Does this give us more functionality? No, not yet. Second Life has a shed load of functionality already, for a lot of users the problem is accessing it, not that Second Life won't let them do it.
I'd be tempted to add some more bits:
- Photoshop lets you dock palettes, create your own tabbed palettes etc. Second Life should too. You should also be able to remove bits. This would give people like me that love it, a separate friends menu still for example. When building and scripting, I often flick between several tabs on the edit floater. I'd like to be able to tear them off and dot them around the screen. You don't want this? No worries, it's an option, not a necessity.
- Display options for IMs. Most IM clients I've seen use tabs across for different IMs, so keep that (although make it easy to tear them off, which we already have and I'm sure some people use). But the presentation is... dull. Let us skin that. Provide us with some common skins. I like black backgrounds and two-tone green writing, or green backgrounds and black writing. They both hurt some people. But you like the iChat look, well make that available (I'm gradually falling for it on the iPhone for SMS conversations I must admit). You want screaming red and teal on an orange background? OK, you can do that.
- Add in an option to set your font. The "SL font" isn't unpleasant, but working with dyslexic learners I quickly learnt there's no such thing as an ideal font. Some like clean, sans-serif fonts, others prefer serif fonts. Some like wide fonts, some like narrow fonts and so on. Like a lot of mac users I have a lot of fonts (about 1,000 at the last count) and whilst some of them are no good for Second Life, it should be my choice.
The whole point of this is to put options in the hands of each resident. My "perfect" interface probably looks nothing like yours. The colours, labels, fonts, positions and everything else are changeable to suit you.

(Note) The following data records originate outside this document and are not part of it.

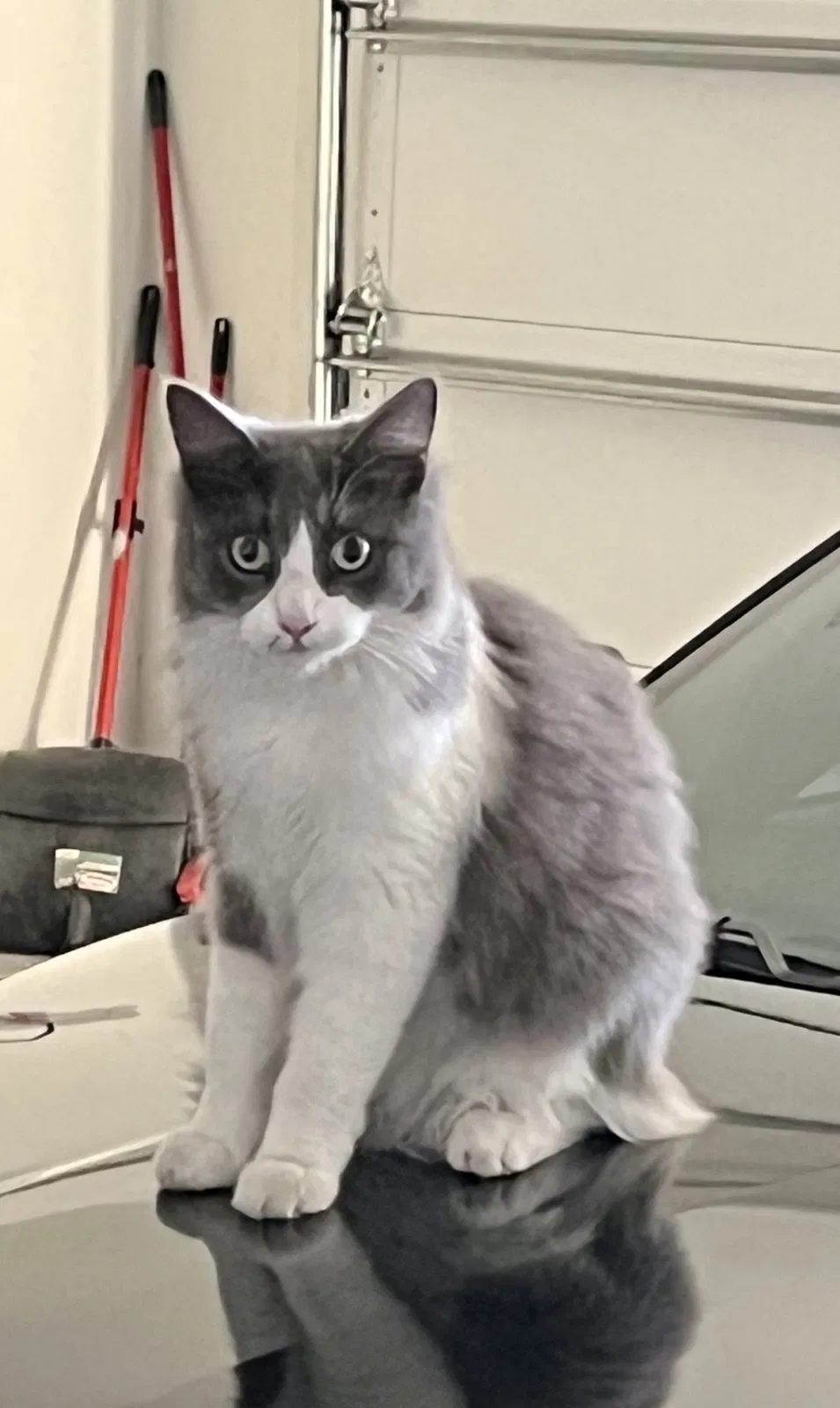 Lost cat in Edinburg, TX, 78539
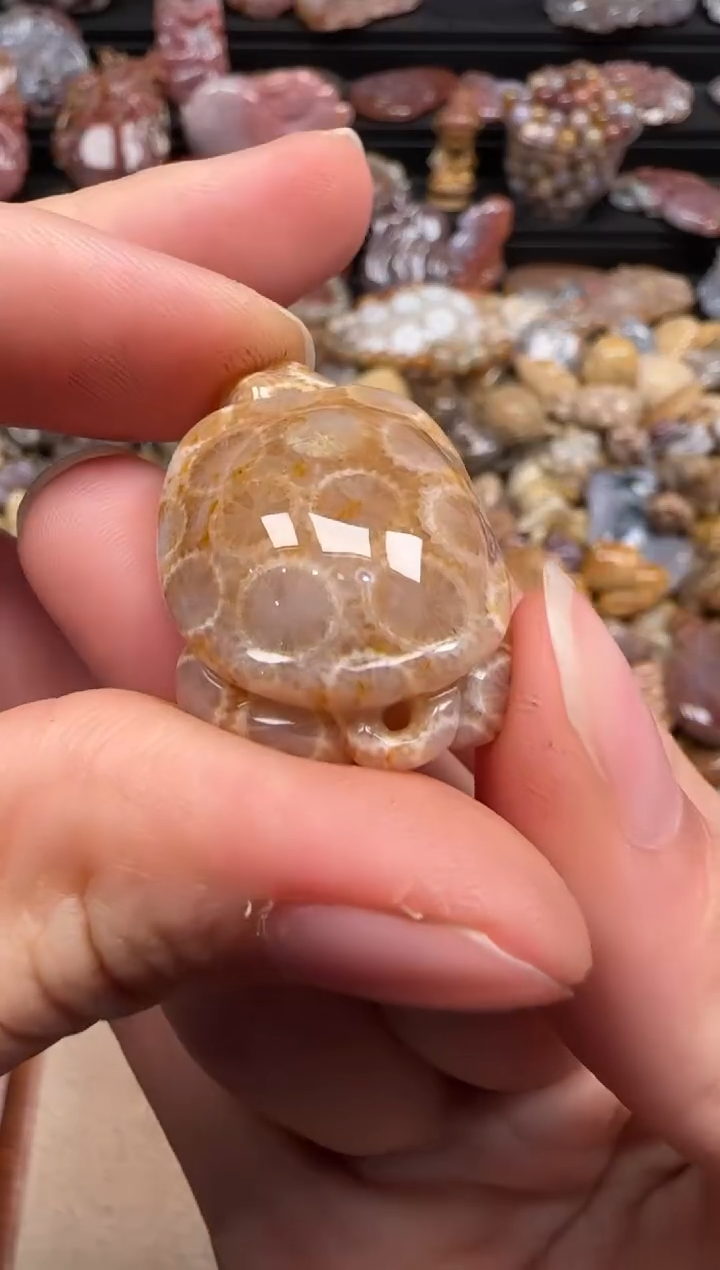 【闪购商品】硅化珊瑚（珊瑚玉）颈饰未镶嵌276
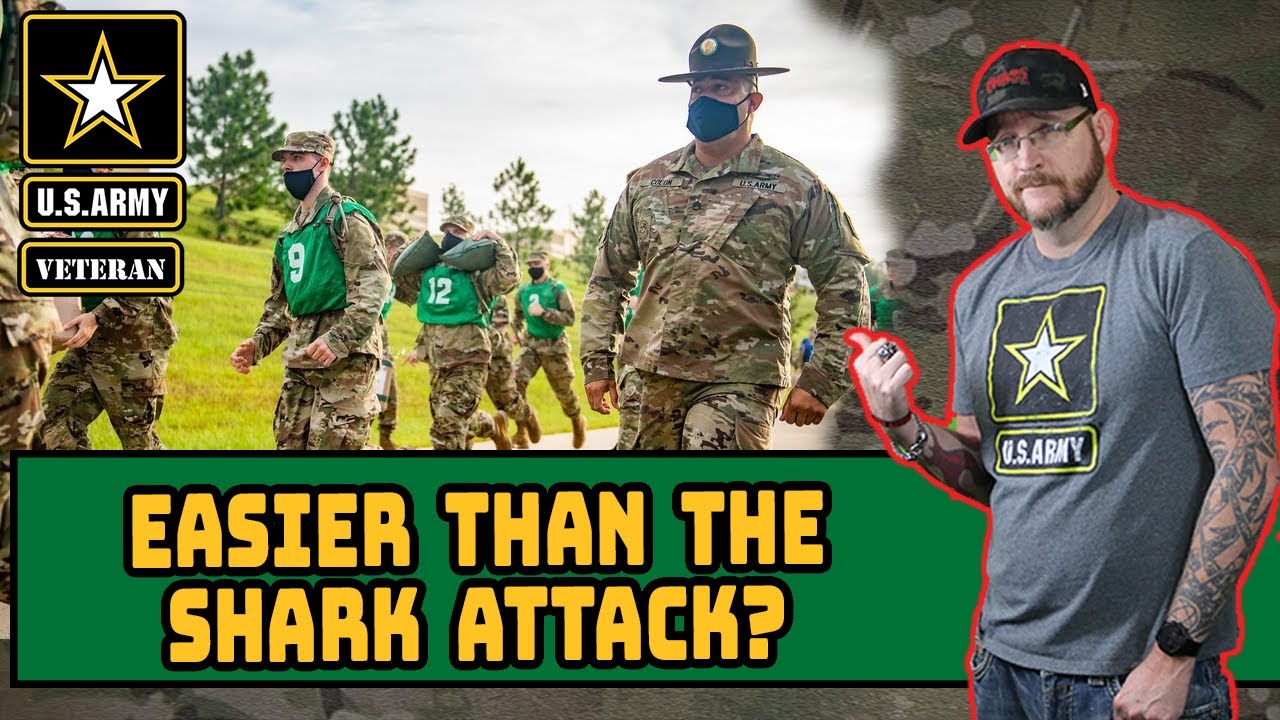 Reacting to the Army Shark Attack replacement | Is it easier?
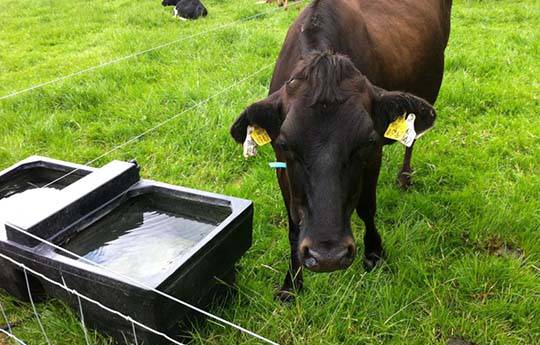 30 GAL Low Profile Drinking Trough - Image 2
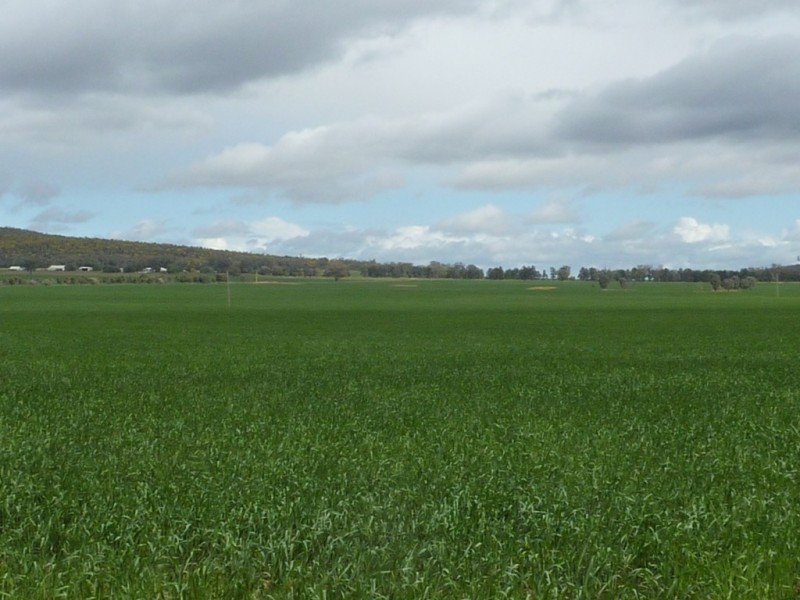 - N/ A Barellan Road Colinroobie Via, Narrandera NSW 2700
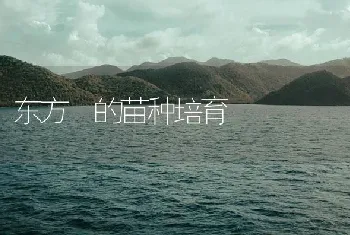 东方鲀的苗种培育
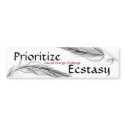 feather, bird feather 1, bird feather 1, Ecstas... bumper stickers by DanSir feather, bird feather 1, bird feather 1, Ecstas... bumper stickers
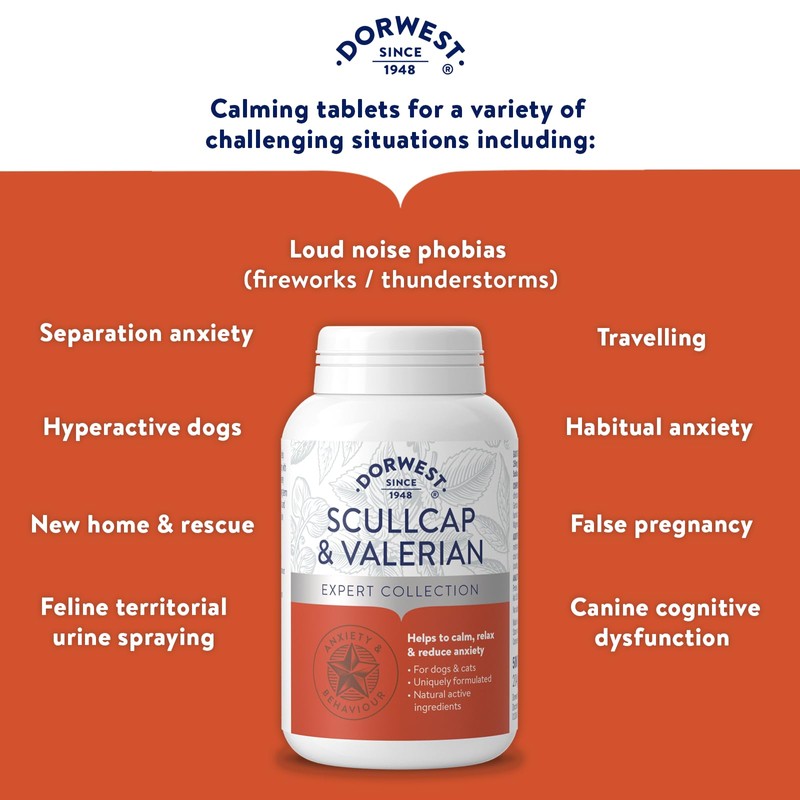 DORWEST HERBS Scullcap & Valerian Calming Tablets for Dogs and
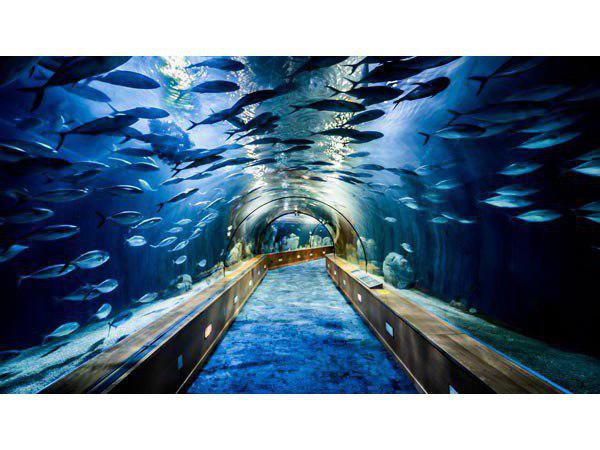 കടലിനടിയിലൂടെ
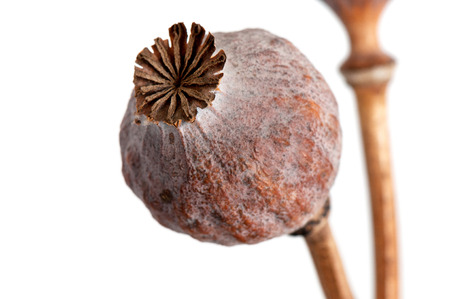 dried poppy heads on white backgroundの写真素材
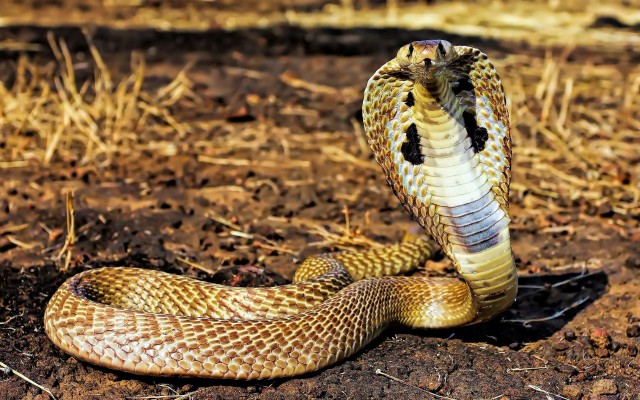 Animals Snake Reptiles Cobra Wallpapers Hd / Desktop - King Cobra ...
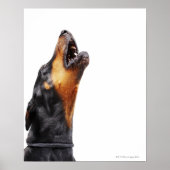 Doberman howling poster (Voorkant)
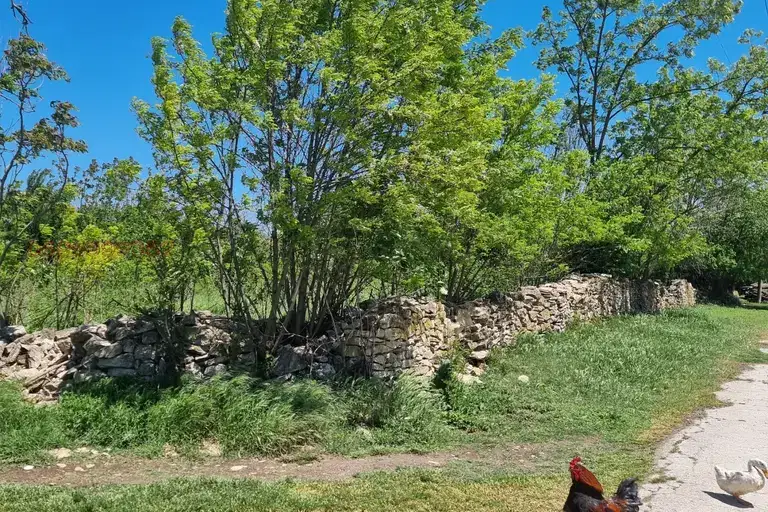 Парцел в Шумен, Мътница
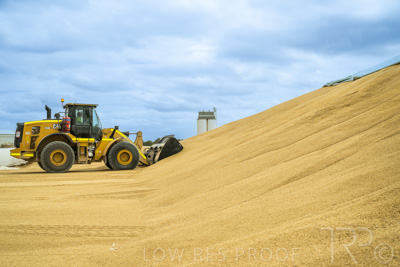 January 2023 / TAILEM-BEND_230118_051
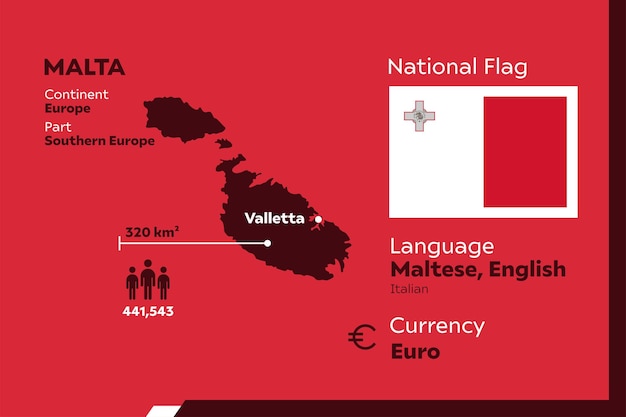 Vettore infografica di malta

I'm not abandoning the ideas from those who did enter the contest either. I'd lift Damien's idea of separate button sets or themes. I'll extend it and nick the rest from Apple and their spaces idea. I don't use spaces on my Mac, I'll admit, but the ability to define basically any number of skins that I want, brilliant. I'll have building, scripting, texturing, shopping, socialising etc. themes, all available at the click of a button or two.
Inventory needs a rebuild, and I'm just going to steal Jacek's idea as it currently sits there. It might not be the ultimate solution, but it's certainly a big step in the right direction. The yowling masses might moan that favourites will change - well kiddies, I think we're mostly grown ups here. If you change your favourites, change them. Make it easy to do. Apple's sidebar on finder windows is a miracle of ease of use, but that might be too much to aspire to just yet. But a simple right click item on folders to mark/unmark is easy enough. Don't like the idea because you're too lazy to keep it up to date? No problem, don't use it.